Le bien commun n’est plus à la mode, cet « autre » plus vaste dans lequel pourtant je suis partie prenante – la société n’étant que le terme dérivé de « compagnonnage » – n’existe plus pour celui qui à force de se regarder le nombril a fini par se convaincre qu’il existait seul. De fait, aucune morale, celle-ci impliquant de prendre l’autre et les autres en considération, ne vaut pour celui qui voit la politique comme le lieu de l’affirmation de son identité à l’exclusion de toutes les autres.
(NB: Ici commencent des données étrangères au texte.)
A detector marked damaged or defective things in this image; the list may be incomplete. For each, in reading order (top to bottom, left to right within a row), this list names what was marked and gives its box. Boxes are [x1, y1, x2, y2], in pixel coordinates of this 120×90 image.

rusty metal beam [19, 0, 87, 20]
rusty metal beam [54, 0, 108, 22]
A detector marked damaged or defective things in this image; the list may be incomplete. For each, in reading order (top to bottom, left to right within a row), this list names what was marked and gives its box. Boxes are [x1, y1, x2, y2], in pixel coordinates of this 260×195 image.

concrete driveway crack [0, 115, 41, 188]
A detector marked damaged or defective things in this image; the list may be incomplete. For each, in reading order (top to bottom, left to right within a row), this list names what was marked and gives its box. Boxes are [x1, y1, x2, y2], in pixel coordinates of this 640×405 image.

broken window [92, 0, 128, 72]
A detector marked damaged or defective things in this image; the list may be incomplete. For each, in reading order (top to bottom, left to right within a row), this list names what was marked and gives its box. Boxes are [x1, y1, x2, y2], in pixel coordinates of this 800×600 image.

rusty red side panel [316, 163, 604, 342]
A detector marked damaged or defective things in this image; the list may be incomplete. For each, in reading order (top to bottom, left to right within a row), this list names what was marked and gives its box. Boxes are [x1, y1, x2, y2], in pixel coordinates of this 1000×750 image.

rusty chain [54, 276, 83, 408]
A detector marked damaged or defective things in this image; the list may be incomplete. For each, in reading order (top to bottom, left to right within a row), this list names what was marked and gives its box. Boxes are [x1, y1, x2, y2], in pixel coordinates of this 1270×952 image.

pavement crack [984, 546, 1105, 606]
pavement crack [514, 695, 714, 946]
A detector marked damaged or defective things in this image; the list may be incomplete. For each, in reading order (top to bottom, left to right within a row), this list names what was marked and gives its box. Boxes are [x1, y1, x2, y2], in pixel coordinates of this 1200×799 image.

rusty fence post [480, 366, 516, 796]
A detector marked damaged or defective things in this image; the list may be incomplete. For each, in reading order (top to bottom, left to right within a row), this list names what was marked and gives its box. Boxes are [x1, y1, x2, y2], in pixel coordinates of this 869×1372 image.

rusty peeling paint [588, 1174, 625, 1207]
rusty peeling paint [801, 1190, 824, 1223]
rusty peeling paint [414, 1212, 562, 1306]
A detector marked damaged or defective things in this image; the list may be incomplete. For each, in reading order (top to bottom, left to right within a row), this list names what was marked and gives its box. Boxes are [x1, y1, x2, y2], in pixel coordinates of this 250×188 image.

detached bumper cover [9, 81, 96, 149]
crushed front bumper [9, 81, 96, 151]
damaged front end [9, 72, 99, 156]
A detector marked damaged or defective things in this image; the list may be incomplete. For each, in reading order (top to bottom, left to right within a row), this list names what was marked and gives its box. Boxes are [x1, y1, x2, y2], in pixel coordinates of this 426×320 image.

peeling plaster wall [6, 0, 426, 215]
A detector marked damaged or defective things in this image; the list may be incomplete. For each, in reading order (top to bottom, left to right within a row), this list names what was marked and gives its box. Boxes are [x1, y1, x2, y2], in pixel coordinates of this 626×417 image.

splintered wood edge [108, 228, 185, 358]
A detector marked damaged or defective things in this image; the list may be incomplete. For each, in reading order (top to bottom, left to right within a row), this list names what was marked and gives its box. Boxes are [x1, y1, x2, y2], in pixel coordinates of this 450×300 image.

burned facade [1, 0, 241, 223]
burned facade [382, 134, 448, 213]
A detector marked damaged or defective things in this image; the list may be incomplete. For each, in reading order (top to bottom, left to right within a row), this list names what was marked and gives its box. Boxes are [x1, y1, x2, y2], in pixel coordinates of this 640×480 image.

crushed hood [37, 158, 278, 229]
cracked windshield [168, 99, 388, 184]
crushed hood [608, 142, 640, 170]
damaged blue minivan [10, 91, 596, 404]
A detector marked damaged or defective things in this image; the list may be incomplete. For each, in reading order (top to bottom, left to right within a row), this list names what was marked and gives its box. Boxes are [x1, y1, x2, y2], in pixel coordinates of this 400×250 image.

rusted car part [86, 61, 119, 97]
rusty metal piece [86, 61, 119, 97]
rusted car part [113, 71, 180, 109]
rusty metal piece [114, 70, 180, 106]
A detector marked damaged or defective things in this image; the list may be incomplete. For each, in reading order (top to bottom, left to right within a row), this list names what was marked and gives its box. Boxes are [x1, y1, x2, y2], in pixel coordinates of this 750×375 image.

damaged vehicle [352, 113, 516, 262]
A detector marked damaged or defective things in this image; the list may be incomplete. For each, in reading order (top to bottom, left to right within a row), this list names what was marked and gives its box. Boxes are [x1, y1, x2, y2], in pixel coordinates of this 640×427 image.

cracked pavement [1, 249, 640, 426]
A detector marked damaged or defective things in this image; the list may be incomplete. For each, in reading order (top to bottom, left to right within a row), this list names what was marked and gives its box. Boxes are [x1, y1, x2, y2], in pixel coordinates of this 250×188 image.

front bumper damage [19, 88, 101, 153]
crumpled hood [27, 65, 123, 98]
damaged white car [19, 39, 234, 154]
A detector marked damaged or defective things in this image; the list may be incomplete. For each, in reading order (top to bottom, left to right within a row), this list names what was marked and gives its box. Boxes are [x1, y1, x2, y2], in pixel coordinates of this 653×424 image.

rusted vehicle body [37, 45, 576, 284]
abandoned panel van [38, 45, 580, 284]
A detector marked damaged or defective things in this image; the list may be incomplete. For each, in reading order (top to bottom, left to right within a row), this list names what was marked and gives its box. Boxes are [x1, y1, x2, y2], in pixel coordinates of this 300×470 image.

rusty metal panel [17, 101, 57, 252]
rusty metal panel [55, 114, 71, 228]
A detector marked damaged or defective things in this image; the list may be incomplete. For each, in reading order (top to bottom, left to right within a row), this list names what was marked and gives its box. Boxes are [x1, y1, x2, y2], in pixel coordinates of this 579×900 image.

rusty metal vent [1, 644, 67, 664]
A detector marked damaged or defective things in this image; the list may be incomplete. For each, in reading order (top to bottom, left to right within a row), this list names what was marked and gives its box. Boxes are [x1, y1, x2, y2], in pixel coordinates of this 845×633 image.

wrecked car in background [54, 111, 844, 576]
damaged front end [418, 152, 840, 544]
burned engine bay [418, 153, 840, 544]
C’est la tendance libérale, pour la résumer en la caricaturant, à imaginer que l’organisation sociale se construit a posteriori de l’individu.
À l’inverse, MacIntyre part de la morale qu’il entend fonder, non pas seulement en raison, comme Kant l’a architecturée dans son œuvre prodigieuse, ce qui suffit pour faire de MacIntyre un antimoderne, mais en revenant à la nature animale de l’homme
À l’inverse, MacIntyre part de la morale qu’il entend fonder, non pas seulement en raison, comme Kant l’a architecturée dans son œuvre prodigieuse, ce qui suffit pour faire de MacIntyre un antimoderne, mais en revenant à la nature animale de l’homme. De façon contre-intuitive, le philosophe écossais ne dit plus, en substance, que l’homme est cet être de raison, placé en surplomb de l’animal, capable de réfléchir à ses actions d’un point de vue théorique et d’agir en vertu d’une théorie à appliquer (la fameuse raison pragmatique kantienne), mais que sa raison provient de son animalité et qu’elle en figure l’aliment essentiel, qu’il existe même dans l’animal non-humain quelque chose de plus que la simple existence affective et réflexive qui le caractérise dans notre imaginaire. En effet, l’animal posséderait des croyances. Il ne serait pas seulement affairé à débusquer son plaisir et à fuir ce qui engendre chez lui le déplaisir, mais il rechercherait une chose en ce sens qu’il croirait que cette chose est pour lui la source d’un bien.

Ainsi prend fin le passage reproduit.